Work, Power, and Energy Review

Work is defined as the product of the force applied to an object and the distance over which that force is applied in the direction of the force. It is calculated using the formula: Work (W) = Force (F) × Distance (d) × cos(θ), where θ is the angle between the force and the direction of motion.

Power is the rate at which work is done or energy is transferred over time. It is calculated using the formula: Power (P) = Work (W) / Time (t). The unit of power is the Watt (W), where 1 Watt = 1 Joule/second.

Energy is the capacity to do work. It exists in various forms, including kinetic energy, potential energy, thermal energy, etc. The unit of energy is the Joule (J).

Kinetic Energy is the energy possessed by an object due to its motion. It is calculated using the formula: KE = 1/2 mv², where m is the mass of the object and v is its velocity.

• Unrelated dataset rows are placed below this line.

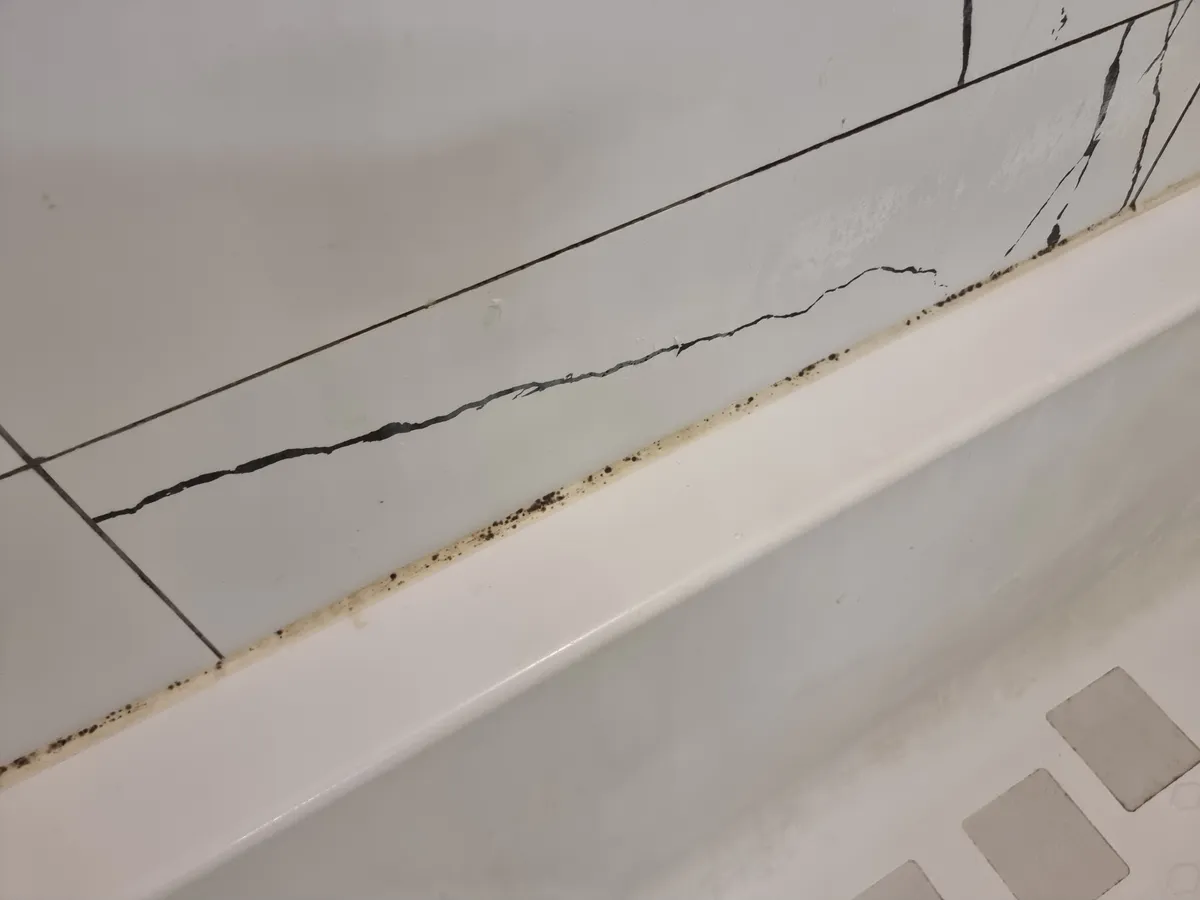 이미지 8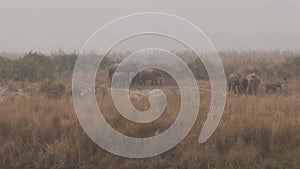 wide shot of wild asian elephant or Elephas maximus indicus family herd walking in grassland of dhikala zone at jim corbett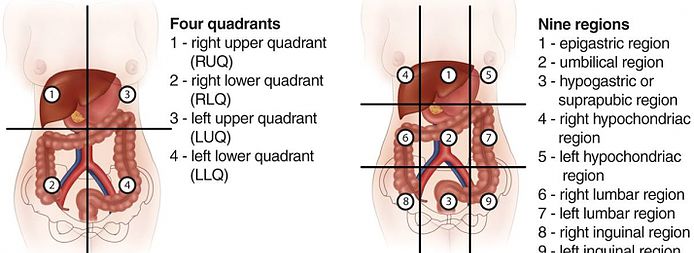 Four abdominal quadrants and nine regions.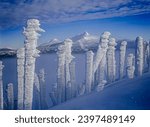Snow encrusted trees on top of Hoodoo Butte in Central Oregon.  Three-Fingered Jack and Mt Jefferson in background.  Photo taken after a blizzard with strong winds. Not a human made sculpture.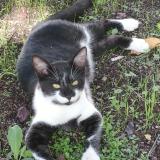 Foto del gato perdido en Belligne Loireauxence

Potential Energy is the energy stored in an object due to its position or configuration. The most common form is gravitational potential energy, calculated using the formula: PE = mgh, where m is mass, g is the acceleration due to gravity, and h is height.

Gravitational Potential Energy is the energy an object possesses because of its height above the ground. It is calculated using the formula: PE = mgh.

The Work-Energy Principle states that the work done on an object is equal to the change in its kinetic energy. This principle can be expressed as W = ΔKE.

The work done against gravity when lifting an object is calculated using the formula: Work = mgh, where m is mass, g is the acceleration due to gravity, and h is the height lifted.

Work and energy are closely related; work done on an object results in a change in energy. When work is done on an object, it can increase its kinetic or potential energy.

The unit of work is the Joule (J), which is defined as the work done when a force of one newton displaces an object by one meter in the direction of the force.